At this point, it should be no big surprise that the US economy has not performed quite impressively in the year so far. The GDP report released yesterday showed a growth of 0.2% in economic activities. Falling below forecast of 1.0%. The economy came to a near halt as the results reflected bad weather condition, fall in consumer spending, cuts in business investment and so on. So far during the recovery years, the economy has been seen to have a slow start to the year, and this year is no different. The results caused the USD to fall across board. Stocks fell as well, with the S&P loosing over 0.4% by New-york market close.

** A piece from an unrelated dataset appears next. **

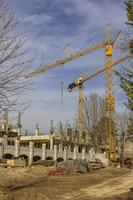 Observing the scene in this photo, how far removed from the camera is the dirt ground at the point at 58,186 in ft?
70.4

The policy makers applied a hawkish tone according to the FOMC statement, again reiterating that the factors which have led to a slow down in economic activity are likely temporary. This will fade out and “moderate growth” is expected through the year. Focus still remains on the labor market conditions other key economic data to determine when rates will be raised.
The New Zealand policy makers held the official cash rate at 3.50% as widely expected. RBNZ Gov. Stephens said the option is open to reduce the OCR rate if demand weakens, and wage and price-setting outcomes settle at levels lower than is consistent with the inflation target. They also grumbled about the high exchange rate, saying “The appreciation in the exchange rate, while our key export prices have been falling, is unwelcome,” The NZD fell after the report.
According to Japan’s Monetary Policy Statement, policy makers chose to keep maintains stimulus at a consistent rate of expanding the monetary base at an 80 trillion yen ($672 billion) annual pace as widely expected. Even with deflation threatening after inflation came to an halt, policy makers are confident that the economy will bounce back after the fall in oil prices fades. Further insights into the mindset of the Central bank is expected later today during the BOJ Press Conference.
From the US, we have unemployment claims to be released by 12:30pm GMT. The last two weeks has been negative with results coming close to 300k. This may be further evidence of a weak labor market.
Canada’s GDP is also scheduled for release by 12:30 PM GMT. It is forecast for another month of economic shrinking at -0.1%. The ripple effect from the fall in energy prices has been attributed as the prime factor for the recent weakness in the country’s economic activities. This leaves us wondering if Canada’s economy set to shrink for another month? Later in the day, BOC Gov Stephen Poloz is due to testify, along with Senior Deputy Governor Carolyn Wilkins, before the Senate Finance Committee, in Ottawa. Further clues on prospective monetary policy is expected.